The Kepler-452 system compared alongside the Kepler-186 system and our solar system. Kepler-186 is a miniature solar system that would fit entirely inside the orbit of Mercury. The size of the habitable zone of star Kepler-452, considered one of the most “Earth-like” exoplanets found so far, is nearly the same as that of our sun. “Super-Earth” Kepler-452b orbits its star once every 385 days. (NASA Ames/JPL-CalTech/R. Hurt)

 

With such a large proportion of identified exoplanets in the super-Earth to sub-Neptune class, an inescapable question arises: how conducive might they be to the origin and maintenance of life?

So little is actually know about the characteristics of these planets that are larger than Earth but smaller than Neptune (which has a radius four times greater than our planet) that few are willing to offer a strong opinion.
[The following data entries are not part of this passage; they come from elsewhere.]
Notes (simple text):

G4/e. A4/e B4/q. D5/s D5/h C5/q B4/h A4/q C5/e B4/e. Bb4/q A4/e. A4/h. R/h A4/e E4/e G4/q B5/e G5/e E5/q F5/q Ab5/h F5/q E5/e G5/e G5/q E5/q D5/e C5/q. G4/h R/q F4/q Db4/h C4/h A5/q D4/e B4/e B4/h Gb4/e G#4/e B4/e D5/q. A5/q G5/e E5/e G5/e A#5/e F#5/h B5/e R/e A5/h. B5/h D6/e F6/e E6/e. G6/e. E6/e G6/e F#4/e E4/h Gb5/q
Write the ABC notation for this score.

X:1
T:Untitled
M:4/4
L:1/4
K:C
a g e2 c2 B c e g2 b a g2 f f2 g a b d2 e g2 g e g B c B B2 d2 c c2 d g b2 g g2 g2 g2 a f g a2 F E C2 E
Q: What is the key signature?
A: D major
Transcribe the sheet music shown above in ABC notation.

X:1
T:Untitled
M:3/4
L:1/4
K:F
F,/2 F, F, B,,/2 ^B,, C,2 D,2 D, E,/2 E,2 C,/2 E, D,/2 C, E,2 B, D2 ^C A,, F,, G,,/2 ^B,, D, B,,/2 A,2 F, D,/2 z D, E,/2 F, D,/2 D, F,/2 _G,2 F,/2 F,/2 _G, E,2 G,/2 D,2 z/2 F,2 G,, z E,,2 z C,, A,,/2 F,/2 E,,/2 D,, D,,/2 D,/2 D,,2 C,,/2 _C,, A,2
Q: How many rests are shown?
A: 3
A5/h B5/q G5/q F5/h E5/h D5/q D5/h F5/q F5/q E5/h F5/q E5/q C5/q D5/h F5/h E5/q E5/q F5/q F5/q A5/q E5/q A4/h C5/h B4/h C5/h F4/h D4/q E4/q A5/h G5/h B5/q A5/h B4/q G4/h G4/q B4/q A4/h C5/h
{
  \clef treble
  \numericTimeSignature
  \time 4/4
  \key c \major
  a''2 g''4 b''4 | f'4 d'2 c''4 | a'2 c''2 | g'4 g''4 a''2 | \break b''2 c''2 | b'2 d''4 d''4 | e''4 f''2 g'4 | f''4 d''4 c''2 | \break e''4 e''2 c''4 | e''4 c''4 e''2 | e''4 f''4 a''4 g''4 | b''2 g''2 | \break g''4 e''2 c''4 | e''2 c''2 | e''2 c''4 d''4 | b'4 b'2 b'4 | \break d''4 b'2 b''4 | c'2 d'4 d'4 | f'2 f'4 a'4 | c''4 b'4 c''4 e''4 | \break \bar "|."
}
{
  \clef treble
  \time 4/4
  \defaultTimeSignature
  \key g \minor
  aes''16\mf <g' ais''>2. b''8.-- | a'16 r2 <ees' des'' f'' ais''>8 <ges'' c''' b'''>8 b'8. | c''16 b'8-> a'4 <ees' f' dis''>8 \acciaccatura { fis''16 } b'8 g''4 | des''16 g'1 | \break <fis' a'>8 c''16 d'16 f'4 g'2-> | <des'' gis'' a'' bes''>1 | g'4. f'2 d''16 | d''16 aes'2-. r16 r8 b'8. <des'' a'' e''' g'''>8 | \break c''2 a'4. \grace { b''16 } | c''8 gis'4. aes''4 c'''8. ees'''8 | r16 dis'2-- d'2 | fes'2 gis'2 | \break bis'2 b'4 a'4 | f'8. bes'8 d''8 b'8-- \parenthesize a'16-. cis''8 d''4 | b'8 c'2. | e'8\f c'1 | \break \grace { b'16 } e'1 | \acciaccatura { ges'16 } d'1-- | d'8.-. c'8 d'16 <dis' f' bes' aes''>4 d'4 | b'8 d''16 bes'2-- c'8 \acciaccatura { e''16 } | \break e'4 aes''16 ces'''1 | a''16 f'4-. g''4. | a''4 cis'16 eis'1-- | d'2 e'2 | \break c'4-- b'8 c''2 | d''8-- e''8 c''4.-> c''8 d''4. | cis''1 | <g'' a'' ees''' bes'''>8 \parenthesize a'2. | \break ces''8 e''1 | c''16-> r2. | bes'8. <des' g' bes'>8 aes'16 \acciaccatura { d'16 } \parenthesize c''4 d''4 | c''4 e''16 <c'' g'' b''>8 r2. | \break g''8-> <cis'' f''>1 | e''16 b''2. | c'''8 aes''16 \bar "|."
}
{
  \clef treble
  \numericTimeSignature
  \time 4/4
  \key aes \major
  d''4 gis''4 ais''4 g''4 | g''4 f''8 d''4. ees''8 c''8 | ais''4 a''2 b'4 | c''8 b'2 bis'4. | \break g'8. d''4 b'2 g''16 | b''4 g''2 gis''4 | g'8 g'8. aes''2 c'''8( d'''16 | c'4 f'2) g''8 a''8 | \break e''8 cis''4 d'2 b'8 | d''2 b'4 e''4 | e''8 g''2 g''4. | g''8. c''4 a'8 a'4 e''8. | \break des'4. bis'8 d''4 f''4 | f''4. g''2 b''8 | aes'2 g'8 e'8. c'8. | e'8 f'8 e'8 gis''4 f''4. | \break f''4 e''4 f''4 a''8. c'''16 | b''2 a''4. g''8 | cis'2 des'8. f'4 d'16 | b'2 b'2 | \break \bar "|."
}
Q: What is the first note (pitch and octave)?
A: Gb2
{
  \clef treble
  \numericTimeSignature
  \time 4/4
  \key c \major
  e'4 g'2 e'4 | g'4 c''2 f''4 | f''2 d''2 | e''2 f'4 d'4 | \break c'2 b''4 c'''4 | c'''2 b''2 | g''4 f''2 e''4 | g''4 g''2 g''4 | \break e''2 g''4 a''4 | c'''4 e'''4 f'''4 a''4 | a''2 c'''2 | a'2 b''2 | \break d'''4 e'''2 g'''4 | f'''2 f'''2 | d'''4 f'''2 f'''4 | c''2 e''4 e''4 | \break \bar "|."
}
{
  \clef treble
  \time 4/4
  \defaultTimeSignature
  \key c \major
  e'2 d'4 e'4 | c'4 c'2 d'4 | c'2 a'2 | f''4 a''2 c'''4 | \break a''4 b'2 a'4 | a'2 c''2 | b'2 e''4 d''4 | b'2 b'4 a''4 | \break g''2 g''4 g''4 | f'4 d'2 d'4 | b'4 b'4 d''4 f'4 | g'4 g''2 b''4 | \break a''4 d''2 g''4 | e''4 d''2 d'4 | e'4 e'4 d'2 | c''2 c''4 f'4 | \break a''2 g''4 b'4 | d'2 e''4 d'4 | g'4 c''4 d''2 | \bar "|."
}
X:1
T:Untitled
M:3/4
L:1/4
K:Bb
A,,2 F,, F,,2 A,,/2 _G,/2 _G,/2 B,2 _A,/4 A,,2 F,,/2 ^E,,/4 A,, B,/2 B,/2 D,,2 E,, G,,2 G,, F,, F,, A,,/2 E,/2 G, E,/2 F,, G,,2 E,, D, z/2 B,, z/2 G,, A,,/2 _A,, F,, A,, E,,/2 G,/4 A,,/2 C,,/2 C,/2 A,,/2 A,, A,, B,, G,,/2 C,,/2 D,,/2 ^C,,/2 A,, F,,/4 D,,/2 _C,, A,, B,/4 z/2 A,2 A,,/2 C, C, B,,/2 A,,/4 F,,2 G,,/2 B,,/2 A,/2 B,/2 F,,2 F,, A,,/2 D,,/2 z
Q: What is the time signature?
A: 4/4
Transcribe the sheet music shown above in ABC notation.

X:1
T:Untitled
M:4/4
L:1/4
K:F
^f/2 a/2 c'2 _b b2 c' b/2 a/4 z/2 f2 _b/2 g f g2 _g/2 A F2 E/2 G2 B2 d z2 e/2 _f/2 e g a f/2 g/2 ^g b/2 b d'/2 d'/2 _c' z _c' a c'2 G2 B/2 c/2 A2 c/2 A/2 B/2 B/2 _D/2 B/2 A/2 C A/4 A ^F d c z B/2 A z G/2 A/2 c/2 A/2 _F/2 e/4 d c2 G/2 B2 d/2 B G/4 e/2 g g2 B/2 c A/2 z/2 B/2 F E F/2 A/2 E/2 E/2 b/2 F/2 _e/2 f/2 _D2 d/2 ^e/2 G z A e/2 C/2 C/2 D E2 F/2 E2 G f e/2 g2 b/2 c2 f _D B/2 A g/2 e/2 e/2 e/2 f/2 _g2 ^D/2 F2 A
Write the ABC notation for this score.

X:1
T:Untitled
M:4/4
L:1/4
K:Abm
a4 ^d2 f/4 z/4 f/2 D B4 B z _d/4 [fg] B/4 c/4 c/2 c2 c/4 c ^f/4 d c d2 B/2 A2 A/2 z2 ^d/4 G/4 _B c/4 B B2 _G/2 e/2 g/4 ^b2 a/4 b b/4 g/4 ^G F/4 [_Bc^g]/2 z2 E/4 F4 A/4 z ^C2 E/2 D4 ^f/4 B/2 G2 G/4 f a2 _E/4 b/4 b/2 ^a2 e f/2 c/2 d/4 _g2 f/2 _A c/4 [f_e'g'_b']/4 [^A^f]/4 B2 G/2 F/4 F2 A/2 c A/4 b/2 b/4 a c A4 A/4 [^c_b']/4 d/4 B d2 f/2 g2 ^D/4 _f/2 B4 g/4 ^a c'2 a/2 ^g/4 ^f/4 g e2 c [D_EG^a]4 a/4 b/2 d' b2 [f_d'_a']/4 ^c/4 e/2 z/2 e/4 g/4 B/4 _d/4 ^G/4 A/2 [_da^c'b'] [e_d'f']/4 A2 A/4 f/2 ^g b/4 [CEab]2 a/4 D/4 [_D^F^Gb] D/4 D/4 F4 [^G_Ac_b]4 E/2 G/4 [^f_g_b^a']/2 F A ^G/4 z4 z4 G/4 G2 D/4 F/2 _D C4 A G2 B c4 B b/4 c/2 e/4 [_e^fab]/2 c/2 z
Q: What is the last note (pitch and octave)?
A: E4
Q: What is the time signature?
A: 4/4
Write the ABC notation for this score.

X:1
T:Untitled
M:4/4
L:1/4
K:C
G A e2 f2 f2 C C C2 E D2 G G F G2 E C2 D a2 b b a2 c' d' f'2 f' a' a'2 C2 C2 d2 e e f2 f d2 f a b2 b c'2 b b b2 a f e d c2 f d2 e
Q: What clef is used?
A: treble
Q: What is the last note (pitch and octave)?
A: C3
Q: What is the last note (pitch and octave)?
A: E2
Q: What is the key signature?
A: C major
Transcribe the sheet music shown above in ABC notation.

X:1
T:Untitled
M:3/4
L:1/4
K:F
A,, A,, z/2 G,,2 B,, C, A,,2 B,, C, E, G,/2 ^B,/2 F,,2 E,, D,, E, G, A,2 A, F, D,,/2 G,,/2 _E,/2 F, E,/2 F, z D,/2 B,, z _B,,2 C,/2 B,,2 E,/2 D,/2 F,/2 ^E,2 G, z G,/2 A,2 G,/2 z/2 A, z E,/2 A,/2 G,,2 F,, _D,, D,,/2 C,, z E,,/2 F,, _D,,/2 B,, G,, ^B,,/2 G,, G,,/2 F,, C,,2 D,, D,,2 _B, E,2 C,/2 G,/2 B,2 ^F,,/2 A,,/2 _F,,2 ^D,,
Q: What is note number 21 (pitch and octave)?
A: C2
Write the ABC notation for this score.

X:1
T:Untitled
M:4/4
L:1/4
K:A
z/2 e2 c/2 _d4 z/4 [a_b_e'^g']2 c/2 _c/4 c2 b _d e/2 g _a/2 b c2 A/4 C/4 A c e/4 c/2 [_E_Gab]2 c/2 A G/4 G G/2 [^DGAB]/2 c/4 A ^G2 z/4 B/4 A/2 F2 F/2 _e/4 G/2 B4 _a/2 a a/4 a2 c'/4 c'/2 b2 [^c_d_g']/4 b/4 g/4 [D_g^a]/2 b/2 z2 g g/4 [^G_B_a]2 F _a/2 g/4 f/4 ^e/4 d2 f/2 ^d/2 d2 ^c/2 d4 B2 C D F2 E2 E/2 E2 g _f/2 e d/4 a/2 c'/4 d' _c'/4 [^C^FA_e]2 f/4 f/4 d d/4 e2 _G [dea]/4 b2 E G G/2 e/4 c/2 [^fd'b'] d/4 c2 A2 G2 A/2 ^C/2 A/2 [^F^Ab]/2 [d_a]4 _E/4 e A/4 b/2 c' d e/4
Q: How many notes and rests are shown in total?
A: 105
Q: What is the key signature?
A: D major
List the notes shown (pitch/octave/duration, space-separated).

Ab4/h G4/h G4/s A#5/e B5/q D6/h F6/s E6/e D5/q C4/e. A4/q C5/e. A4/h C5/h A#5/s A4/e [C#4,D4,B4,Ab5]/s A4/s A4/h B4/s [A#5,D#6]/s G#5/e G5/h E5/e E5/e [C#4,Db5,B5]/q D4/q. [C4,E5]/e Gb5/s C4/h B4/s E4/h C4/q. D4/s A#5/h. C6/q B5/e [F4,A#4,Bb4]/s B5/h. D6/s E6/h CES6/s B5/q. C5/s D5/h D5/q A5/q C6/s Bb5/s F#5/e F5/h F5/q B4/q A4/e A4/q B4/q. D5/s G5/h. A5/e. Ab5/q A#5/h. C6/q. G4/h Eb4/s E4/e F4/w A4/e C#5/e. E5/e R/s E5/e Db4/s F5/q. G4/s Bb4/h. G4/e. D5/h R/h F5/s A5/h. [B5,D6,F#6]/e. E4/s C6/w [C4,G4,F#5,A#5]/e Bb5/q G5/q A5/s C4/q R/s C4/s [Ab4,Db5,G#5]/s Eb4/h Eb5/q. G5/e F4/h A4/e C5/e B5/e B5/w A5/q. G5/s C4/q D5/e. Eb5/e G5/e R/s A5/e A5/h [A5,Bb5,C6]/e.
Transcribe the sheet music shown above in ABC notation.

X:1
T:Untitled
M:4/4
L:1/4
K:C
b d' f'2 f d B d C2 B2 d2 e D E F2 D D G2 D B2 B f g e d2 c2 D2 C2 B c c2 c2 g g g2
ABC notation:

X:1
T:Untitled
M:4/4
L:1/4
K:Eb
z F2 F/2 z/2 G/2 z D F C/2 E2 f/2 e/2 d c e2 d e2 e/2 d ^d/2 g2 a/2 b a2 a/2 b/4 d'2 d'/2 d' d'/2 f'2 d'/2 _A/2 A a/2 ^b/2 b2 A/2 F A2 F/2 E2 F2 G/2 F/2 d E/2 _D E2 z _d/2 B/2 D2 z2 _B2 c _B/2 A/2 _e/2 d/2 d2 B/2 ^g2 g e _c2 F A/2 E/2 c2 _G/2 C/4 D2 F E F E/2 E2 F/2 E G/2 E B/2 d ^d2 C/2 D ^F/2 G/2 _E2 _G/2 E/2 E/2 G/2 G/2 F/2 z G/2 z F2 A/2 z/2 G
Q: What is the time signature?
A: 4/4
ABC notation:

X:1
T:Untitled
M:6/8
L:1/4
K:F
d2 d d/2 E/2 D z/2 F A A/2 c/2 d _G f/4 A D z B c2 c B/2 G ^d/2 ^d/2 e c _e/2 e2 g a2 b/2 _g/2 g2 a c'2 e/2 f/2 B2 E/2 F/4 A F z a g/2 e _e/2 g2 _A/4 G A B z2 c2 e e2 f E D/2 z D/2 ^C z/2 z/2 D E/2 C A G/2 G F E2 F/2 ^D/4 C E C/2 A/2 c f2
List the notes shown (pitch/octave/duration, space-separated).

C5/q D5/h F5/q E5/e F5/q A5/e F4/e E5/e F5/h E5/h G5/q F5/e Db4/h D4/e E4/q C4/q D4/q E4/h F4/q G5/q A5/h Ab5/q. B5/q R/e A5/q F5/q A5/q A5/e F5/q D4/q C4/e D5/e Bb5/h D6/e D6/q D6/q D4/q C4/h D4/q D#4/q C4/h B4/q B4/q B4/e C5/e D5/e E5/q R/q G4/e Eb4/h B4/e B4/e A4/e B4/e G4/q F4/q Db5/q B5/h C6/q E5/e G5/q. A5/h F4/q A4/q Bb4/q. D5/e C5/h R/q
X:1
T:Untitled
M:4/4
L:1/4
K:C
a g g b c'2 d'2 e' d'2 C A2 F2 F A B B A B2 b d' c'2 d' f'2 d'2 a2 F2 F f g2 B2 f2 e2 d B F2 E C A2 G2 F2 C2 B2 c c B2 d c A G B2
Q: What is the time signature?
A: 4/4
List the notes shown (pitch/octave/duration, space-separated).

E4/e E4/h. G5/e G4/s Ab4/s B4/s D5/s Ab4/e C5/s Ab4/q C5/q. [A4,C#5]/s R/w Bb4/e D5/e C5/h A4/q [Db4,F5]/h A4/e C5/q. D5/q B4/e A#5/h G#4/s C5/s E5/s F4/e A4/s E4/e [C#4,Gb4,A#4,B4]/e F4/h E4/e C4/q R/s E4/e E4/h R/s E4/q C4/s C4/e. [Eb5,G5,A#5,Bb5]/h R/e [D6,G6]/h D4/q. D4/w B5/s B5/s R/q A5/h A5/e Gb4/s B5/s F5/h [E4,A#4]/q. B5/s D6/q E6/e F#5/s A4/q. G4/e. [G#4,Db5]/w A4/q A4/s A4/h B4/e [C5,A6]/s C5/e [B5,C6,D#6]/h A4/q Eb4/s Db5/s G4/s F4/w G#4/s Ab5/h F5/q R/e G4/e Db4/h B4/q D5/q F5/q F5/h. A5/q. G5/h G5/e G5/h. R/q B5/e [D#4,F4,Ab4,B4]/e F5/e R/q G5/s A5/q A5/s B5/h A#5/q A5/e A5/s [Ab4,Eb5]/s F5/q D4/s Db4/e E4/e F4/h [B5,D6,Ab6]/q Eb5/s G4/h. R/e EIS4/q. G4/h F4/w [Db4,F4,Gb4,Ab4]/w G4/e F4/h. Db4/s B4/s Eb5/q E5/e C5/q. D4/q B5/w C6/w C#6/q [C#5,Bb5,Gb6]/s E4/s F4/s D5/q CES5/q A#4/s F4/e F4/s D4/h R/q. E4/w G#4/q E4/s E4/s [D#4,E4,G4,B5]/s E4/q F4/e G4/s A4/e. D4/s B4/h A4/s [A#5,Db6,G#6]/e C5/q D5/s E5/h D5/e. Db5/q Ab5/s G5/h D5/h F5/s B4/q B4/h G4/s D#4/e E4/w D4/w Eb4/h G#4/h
Nonetheless, there are some seemingly good reasons to be optimistic, about the smaller super-Earths in particular. And there are some seemingly good reasons to be pessimistic –many appear to be covered in a thick layer of hydrogen and helium gas, with a layer of sooty smog on top, and that does not sound like an hospitable environment at all.

But if twenty years of exoplanet hunting has produced any undeniable truth, it is that surprising discoveries are a constant and overturned theories the norm. As described in Tuesday’s post, it was only several years ago that results from the Kepler Space Telescope alerted scientists to the widespread presence of these super-Earths and sub-Neptunes, so the fluidity of the field is hardly surprising.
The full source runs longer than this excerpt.